As far as I think I understand it... There are indeed proofs in maths. But tripping point comes in applying the maths to the physical world. At this point maths serves to become a useful algorithm for predicting and mapping physical phenomena. Newtonian maths was sufficient and coherent until Einstein and relativity came along. Einstein didn't say Newtonian maths was internally incorrect, but just that it wasn't a sufficiently detailed description of the physical world. Where, other than in the human brain (and its supporting systems of books and computers) does maths actually exist. It's a construct, a useful tool, nothing more.


----------



## Fitzroy (15 Apr 2021)

Trainee neophyte said:


> On the subject of aliens, Iain M Banks suggested that to spot an alien, the best place to be is on Earth, during an eclipse. The fact that the sun and moon are virtually the same size as viewed from earth is incredibly unusual cosmologically, so there should be lots of exotourists coming to gawp at the rare sight.

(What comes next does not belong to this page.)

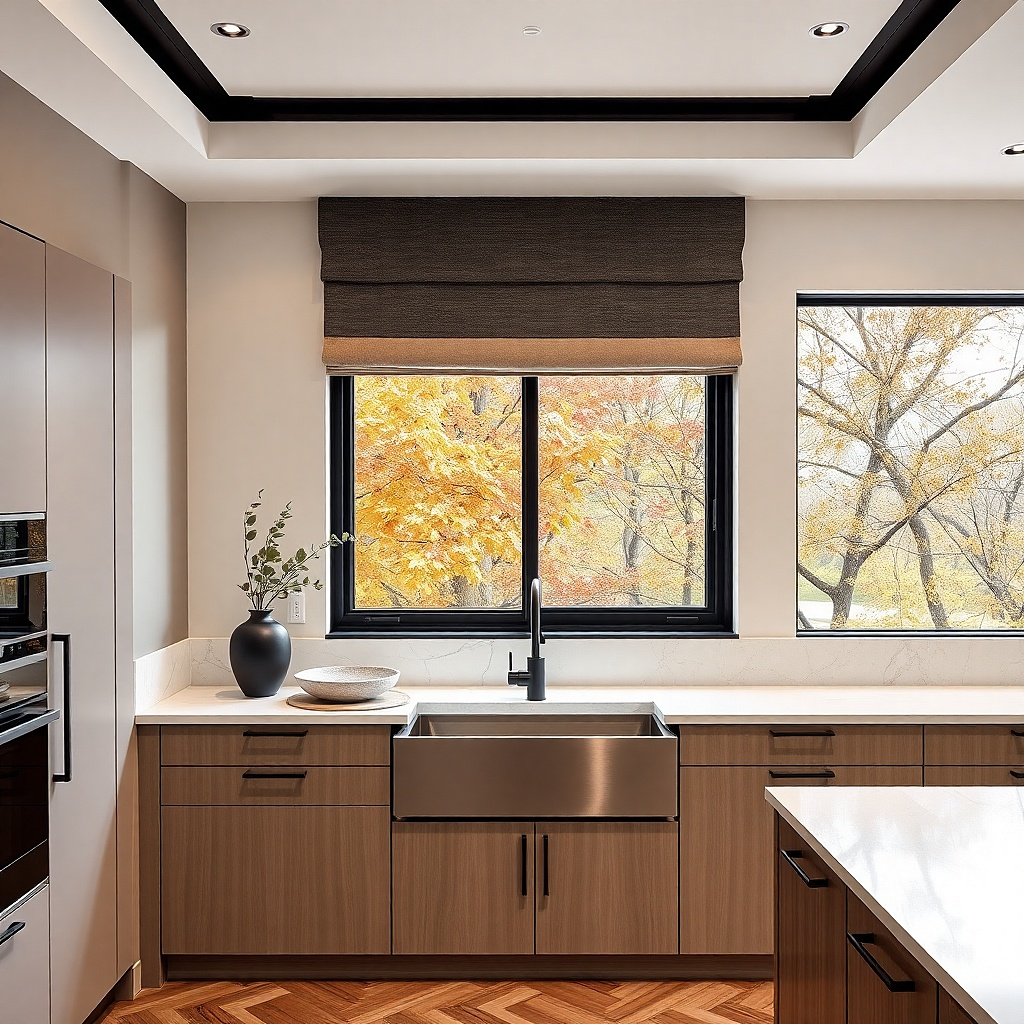 Moody charcoal valance with a lighter hem edge above a kitchen window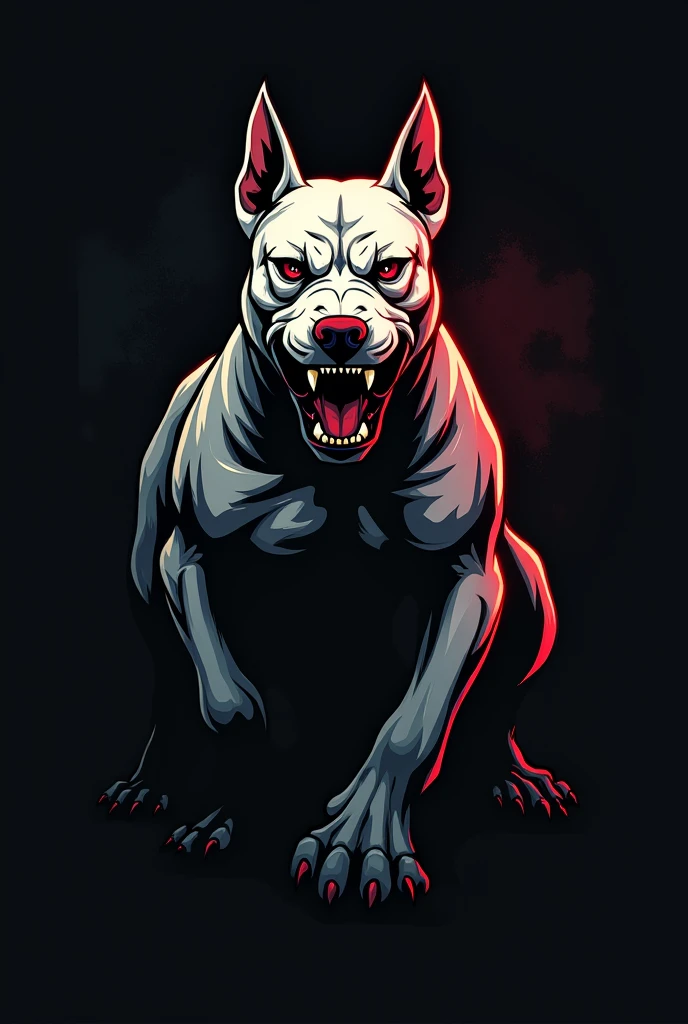 Create a logo with a horrible bull terrier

Next time you are watching a total eclipse, look at the people next to you rather than at the sky.



I bloody knew my neighbour was weird!


----------



## Amateur (15 Apr 2021)

Sorry I'm late....
Emergency on Ultron.......

Right
Carry on...


----------



## Spectric (15 Apr 2021)

AdrianUK said:


> If there are little green men in sheds on another planet, I reckon they all agree on how to sharpen their tools


That is a human assumption that we are really clever but is it not possible that the little green men have vastly superior tools that never need sharpening.


----------



## Terry - Somerset (15 Apr 2021)

The galaxy is about 13bn years old. 13,000,000,000 years!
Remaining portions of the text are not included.